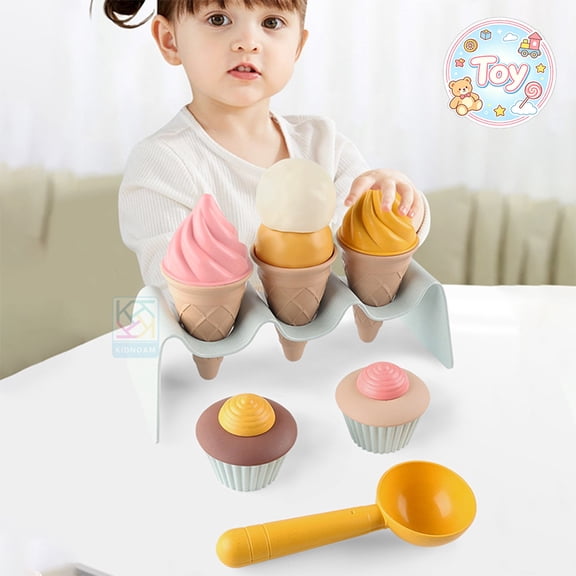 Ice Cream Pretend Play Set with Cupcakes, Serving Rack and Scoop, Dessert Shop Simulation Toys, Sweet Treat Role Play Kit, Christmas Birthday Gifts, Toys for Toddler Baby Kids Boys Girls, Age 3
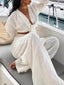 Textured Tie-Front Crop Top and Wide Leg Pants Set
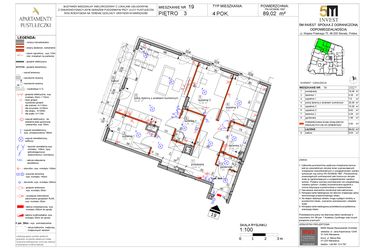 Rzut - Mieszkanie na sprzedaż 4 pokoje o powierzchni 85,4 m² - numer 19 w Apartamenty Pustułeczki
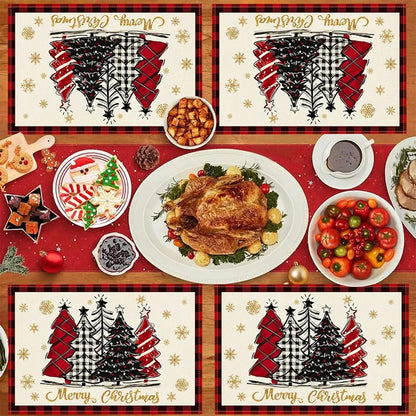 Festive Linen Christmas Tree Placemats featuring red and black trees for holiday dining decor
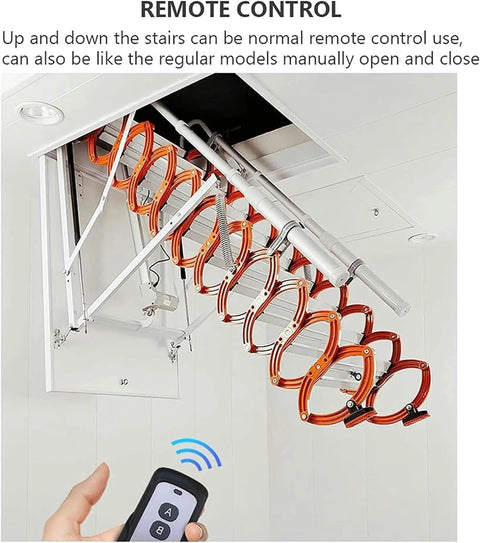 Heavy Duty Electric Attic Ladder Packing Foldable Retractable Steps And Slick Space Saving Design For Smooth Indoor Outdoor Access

==

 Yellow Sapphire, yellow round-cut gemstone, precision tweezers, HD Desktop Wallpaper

Task to carry out: Your copy should hold the lines from the one with "Rzut - Mieszkanie" up to and including the one with "Heavy Duty Electric", exactly as in the data above, and no pictures.

Result:
 Rzut - Mieszkanie na sprzedaż 4 pokoje o powierzchni 85,4 m² - numer 19 w Apartamenty Pustułeczki
 Festive Linen Christmas Tree Placemats featuring red and black trees for holiday dining decor
 Heavy Duty Electric Attic Ladder Packing Foldable Retractable Steps And Slick Space Saving Design For Smooth Indoor Outdoor Access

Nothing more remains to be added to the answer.